* _About this task_: Copy everything in the data below exactly except the pictures.

* _Collected material_:
----------

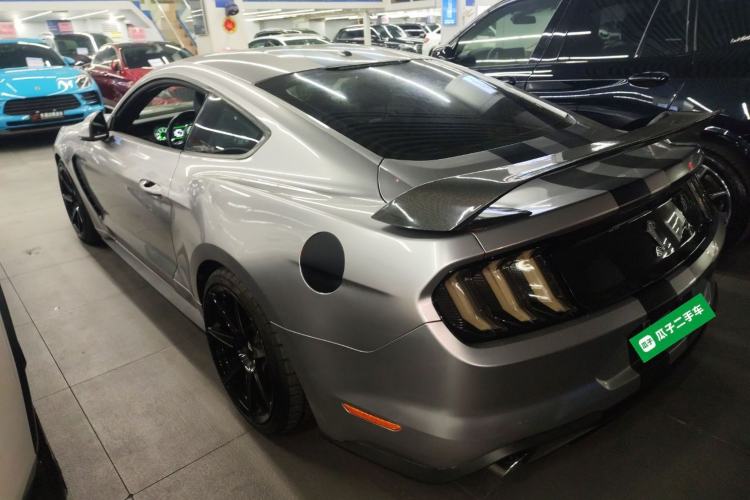 Used Ford Mustang 2020 2.3L EcoBoost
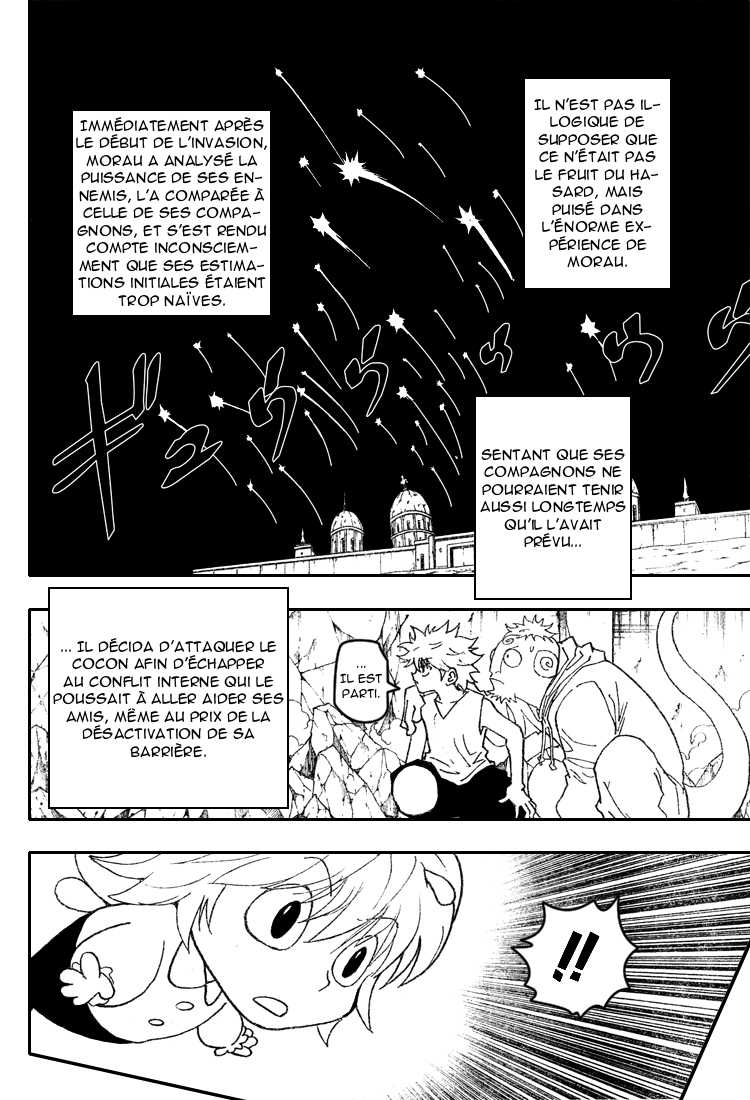 Hunter X Hunter: Chapter chapitre-286 - Page 9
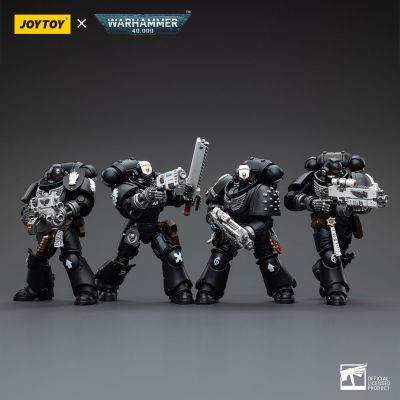 战锤40000 钢铁之手 仲裁者 艾格纳兄弟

----------

* _Output for this exercise_:
 Used Ford Mustang 2020 2.3L EcoBoost
 Hunter X Hunter: Chapter chapitre-286 - Page 9
 战锤40000 钢铁之手 仲裁者 艾格纳兄弟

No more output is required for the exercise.